Shared leadership in airplane crews. Refer to the Human Factors (March 2014) study of shared leadership by the cockpit and cabin crews of a commercial airplane, Exercise 8.14 (p. 466). Recall that each crew was rated as working either successfully or unsuccessfully as a team. Then, during a simulated flight, the number of leadership functions exhibited per minute was determined for each individual crew member. One objective was to compare the mean leadership scores for successful and unsuccessful teams. How many crew members would need to be sampled from successful and unsuccessful teams to estimate the difference in means to within .05 with 99% confidence? Assume you will sample twice as many members from successful teams as from unsuccessful teams.
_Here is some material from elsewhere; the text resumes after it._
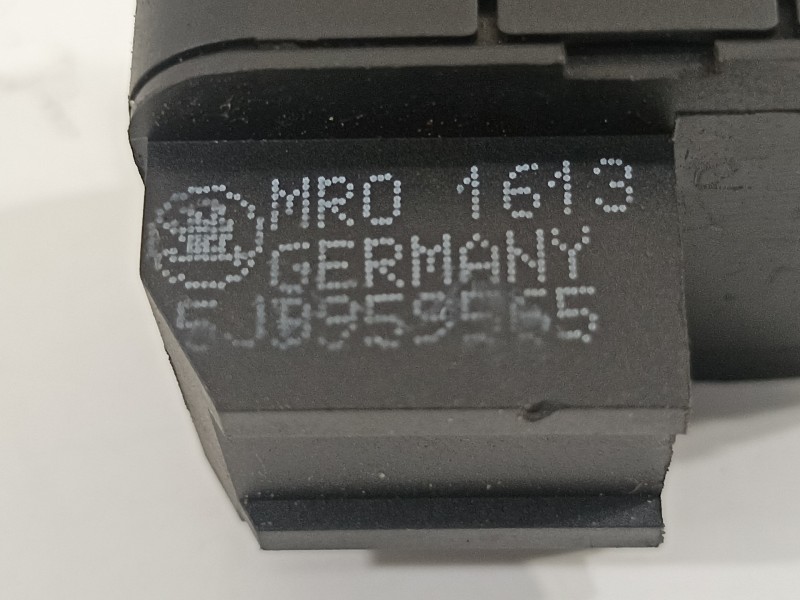 Recambio de mando retrovisor para skoda rapid ambition referencia OEM IAM 5JB959565REH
Also, assume that the variance of the leadership scores for both groups is approximately .04.

Short answer

The required sample size for unsuccessful team is 160.

The required sample size for successful team is 320.

Step-by-step solution

Given Information

The variance of two groups are given below

${\sigma }_1^2={\sigma }_2^2=0.04$

The sampling error is

$SE=.05$

Z-value

For $\alpha =0.01$

The z-value is given by

$$\begin{gathered} z_{\frac{\alpha }{2}}=z_{0.005} \\ =2.58 \end{gathered}$$

Compute the sample

For, $z=2.58,{\sigma }_1^2={\sigma }_2^2=0.04 andSE=.05$

The sample is calculated as

$$\begin{gathered} 2n_1=n_2 \\ =\frac{{\left(z_{0.005}\right)}^2\times \left[2{\sigma }_1^2+{\sigma }_2^2\right]}{2{\left(SE\right)}^2} \\ =\frac{{2.58}^2\times \left[2\times 0.04+0.04\right]}{2\times {.05}^2} \\ =\frac{6.6564\times 0.12}{.005} \\ =\frac{0.79876}{.005} \\ =159.752 \\ \approx 160 \end{gathered}$$

Therefore, the required sample size for unsuccessful team is 160.

And

$$\begin{gathered} n_2=2n_1 \\ =2\times 160 \\ =320 \end{gathered}$$

Therefore, the required sample size for successful team is 320.